Between four and six percent of the total worldwide carbon dioxide emissions related to human activity stem from the global cement industry. Minimising these emissions is one of the main sustainability challenges facing our industry.
Some 60 percent of carbon dioxide emissions from cement production come from the calcining process, when we produce the intermediate product clincer. The remaining 40 percent of emissions come from the combustion of fuels used to produce heat during the production process.
The carbon footprint from the production of both concrete and aggregates is relatively small compared to that for cement production and relates primarily to transportation and energy use during production.
Direct CO2 emissions = CO2 from fuels and raw material (Business Line Cement only)
Direct CO2 emissions; kg CO2 per ton cement
We have formulated a zero vision for CO2 emissions over the product’s life cycle.
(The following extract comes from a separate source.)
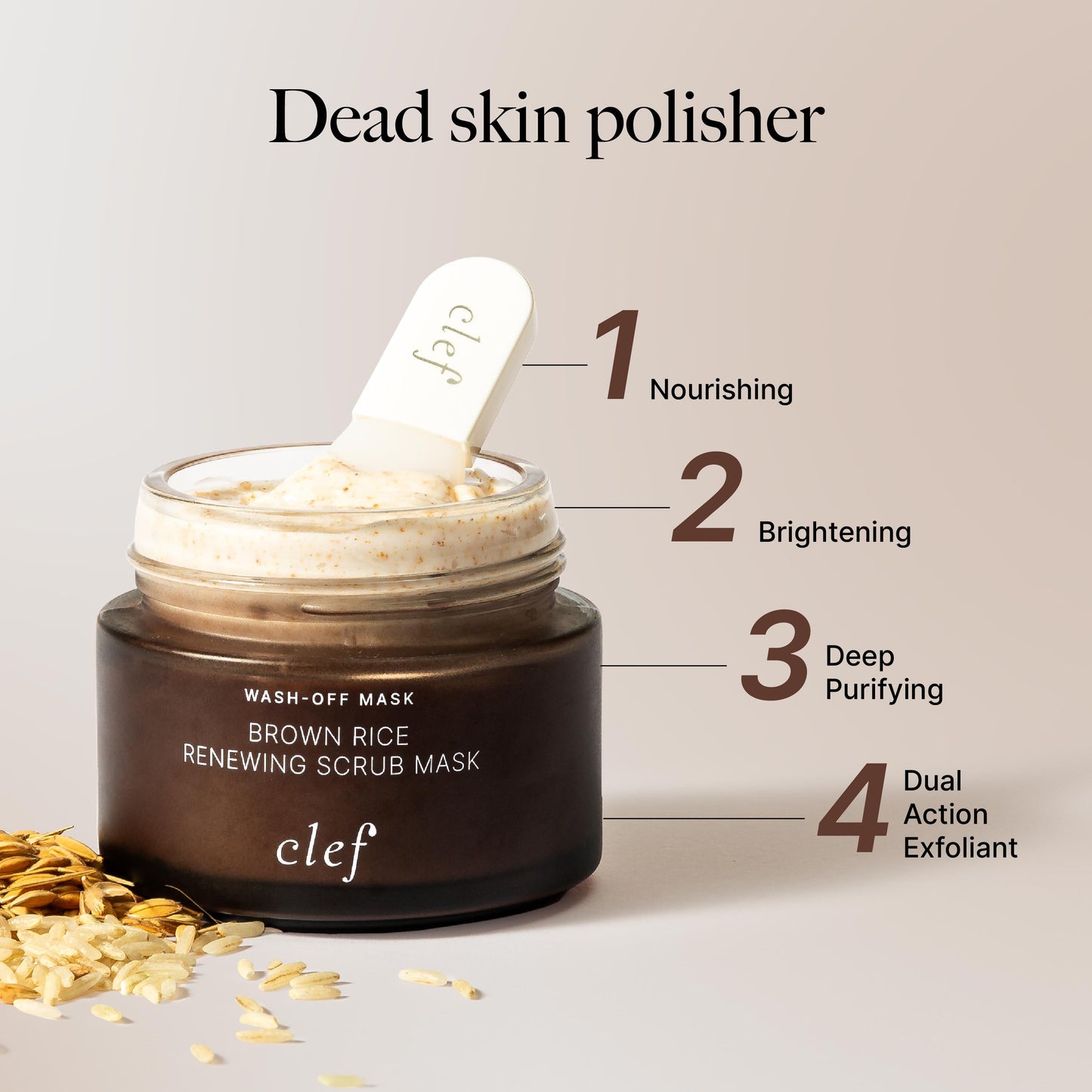 CLEF Brown Rice Renewing Scrub Mask 100g | Dead Skin Polisher | Brightening | Nourishing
It requires actions in five areas:
- Energy efficiency
- Using biomass as energy
- New cement types
- Carbon capture and storage (CCS)
1. Energy efficiency
We are continuously improving our energy efficiency step by step by replacing old machines, improving processes and optimizing production.
2. Using biomass as energy
As part of our work to replace coal with alternative fuel sources, we strive to increase the amount of biomass in our fuel mix. In Northern Europe we have total of 19 % biomass in our fuel. Our best plans in Slite and Brevik has 23 % of biomass in its fuel mix. The main sources of biomass are woodchips, paper, textiles and animal meal.
3. New cement types
Clinker is an intermediate product in the cement production. The clinker is grinded to produce cement. By replacing parts of the clinker with other products, we lower the carbon footprint of the cement. The main replacement material is fly ash, which is a waste product of coal-fired power plants. Lime and slag which are both waste products from the iron industry, are also used to reduce the clinker content. Our cement has an average clinker content of 83 %.
4. Carbon capture and storage (CCS)
A world-first project for carbon capture within the cement industry has been underway at our plant in Brevik, since 2013. Four technologies have been tested with good results. A feasibility study with the aim of establishing a framework for a full-scale carbon capture facility will be run in 2016. The project and the study are government funded and are managed in cooperation with the European Cement Research Academy (ECRA).
Hardened concrete absorbs CO₂ through a slow process called carbonation. This process continues even after the concrete products many years of use. If used concrete is crushed down, the speed of the carbonation can be further increased. Calculations show that concrete constructions in Sweden and Norway absorb 500,000 tonnes of CO₂ per year.
We produce large volumes of products, and transporting these is a source of carbon emissions. We aim to use sea transport wherever possible especially for cement and aggregate deliveries. Ready-mixed concrete and concrete elements are mainly transported by road.
Development of new concrete mixes with a lower carbon footprint is based both on new cement types as well as optimizing the concrete mix. It is possible to produce carbon with as much as 50% reduction in CO₂ footprint compared to standard European concrete. In Norway, low-carbon concrete products have their own standardization.
Comment: KPIs regarding NOx and SOx emissions will be added in August 2016.